川淵 コロナ禍も昨年から少し回復して、サッカーがまず、あれだけ頑張って、「スポーツの力」というエネルギーがどれほど大きいものかを改めて確認できた。次は、さぁWBCだぞ、となりましたよね。ですから、サッカーで味わったように、日本代表選手たちを、国民みんなでもう1回応援するんだ、という高揚感や楽しさを消したくなかったんですね。

栗山 川淵さんにWBCについてこうして熱く話していただけるなんて嬉しいです。

川淵 いやもう、テレビに釘付けでしたよ。僕は、代表選手たちをみんなで応援できるのも、コロナ禍を乗り越えた、とても大きな喜びだと手応えを感じました。この思いを何とかサッカーのいい流れから繋げたいと考えていました。とにかく準決勝のメキシコだけには負けないでくれと。決勝に行って、アメリカに負けても、今回はメジャー・リーガーも合流していたし、国内も素晴らしい選手たちが揃っていたんですから、何も、とがめられるものではない。とにかく決勝さえ行ってくれれば……頼む、負けてくれるなよって強く思いました。頼む、勝ってくれよ、じゃなくて、負けてくれるな! なんて、あんな切実な思いでスポーツを観たのは初めてだと思います。負けてくれるな! と祈りながら。反対に決勝はすごくリラックスして見てられたんですが、準決勝が本当にしんどかったですね。ドラマティックでね。なかなか結果が出なかった村上宗隆を栗山さんは信じて使い続けているんだから、村上を信じようとか、やっぱり選手の気持ちというか、つい熱くなってしまいすみません。

栗山 いえ、こんなにも色々な要素を考えてWBCを見て下さったんだと分かって、それに感激していました。
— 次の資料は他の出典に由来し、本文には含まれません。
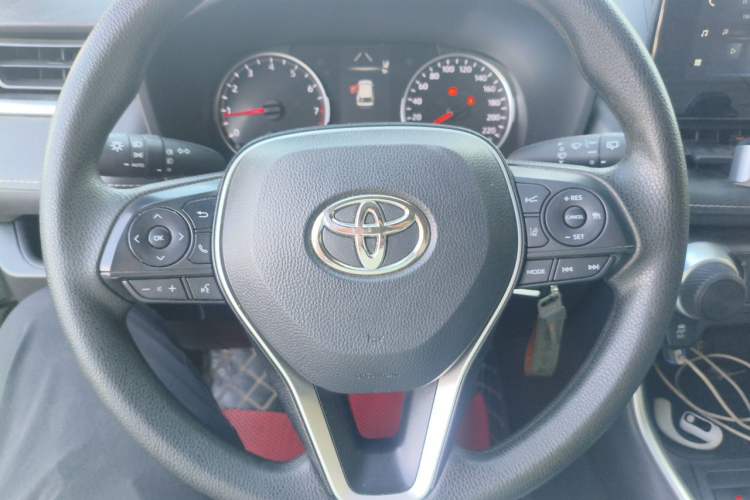 Used Toyota Wildlander 2024 2.0L CVT Two-Wheel Drive Leading Edition Steering Wheel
でも日本代表という集団に関しては、僕自身本当に初めての経験でしたし、選手としても、監督としても日本代表が分からないのに、どうやって選手や、観て下さっている人に、日本を背負うんだ、プライドを持とう、などと伝えられるんだろうか、言葉だけにならないか、実はとても不安でした。
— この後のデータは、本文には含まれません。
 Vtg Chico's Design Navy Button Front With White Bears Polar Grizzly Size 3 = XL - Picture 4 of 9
 どういうものかが分からなかった手探りの中で、森保一監督(サッカー日本代表)にお会いできて、森保さんは、選手としても監督としても、国を背負う戦いをもう長く経験している方だったので伺ってみたんです。森保さんは、国歌を聞いて、日の丸が上がっていくのを選手と一緒にグラウンドレベルで経験したらもう大丈夫、絶対に、そういう気持ちが分かりますから、と言って下さったんです。それは本当に大きな支えでしたし、実際にその感覚は分かりました。

川淵 そうでしたか。森保監督も腹が据わっていますからね。

栗山 今回、W杯からWBCの開催が近くて、我々もサッカーに、代表とは、国を背負うとは、最後まで諦めない試合とは、と、多くを教えてもらいましたし、サッカーの選手たちが、今回のWBCについて、たくさん発信してくれましたよね。そういういい流れは、川淵さんがおっしゃったように強く感じました。嬉しかったですし、大きな力になりましたね。
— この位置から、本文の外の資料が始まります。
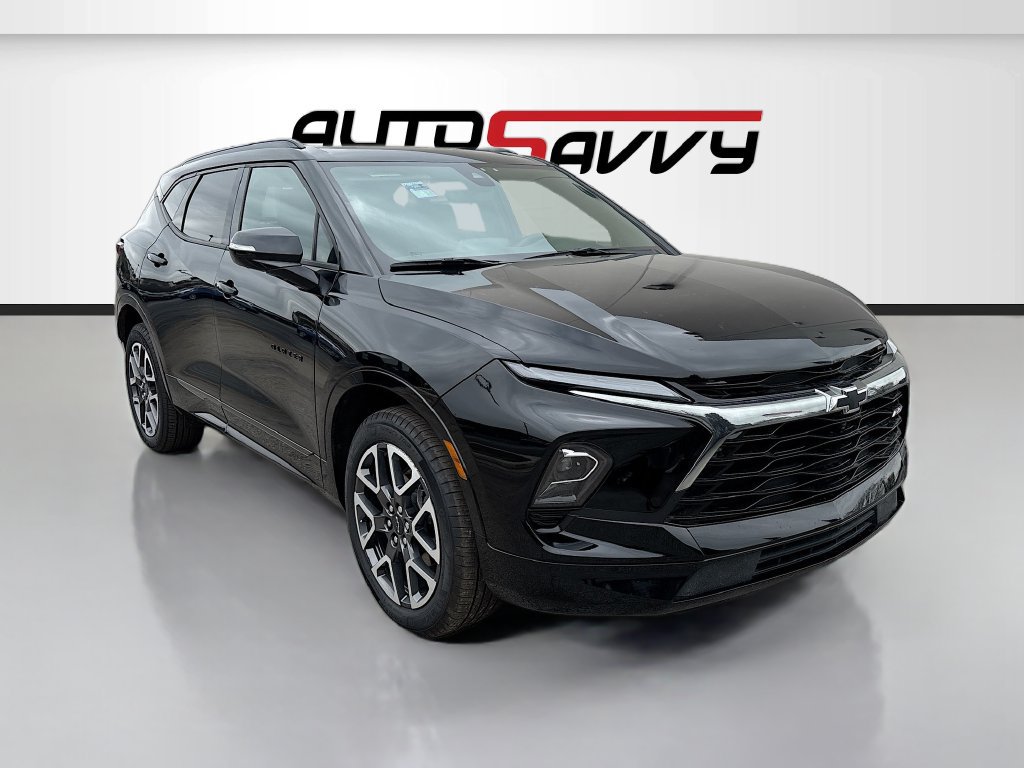 Used 2025 Chevrolet Blazer RS w/ Driver Confidence II Package AWD/4WD image 1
川淵 そうですね。サッカーが優勝はできなくても、勝てないと思われた強豪国を倒して国があれだけ沸き立ったわけですし、今度は野球が絶対頑張るんだ、サッカーに負けてたまるかという気持ちが、選手に芽生えないわけがない。W杯の熱が、今回のWBCをも勇気付けてくれたとは思いますよね。

栗山 「三笘の1ミリ」の勇気は、今回のチームにも間違いなく力になりました。メキシコ戦のチャレンジで判定を覆した源田壮亮のタッチは、ファンに「源田の1ミリ」と言われ、同じプロスポーツとして、同じ代表として、とても嬉しい反響でした。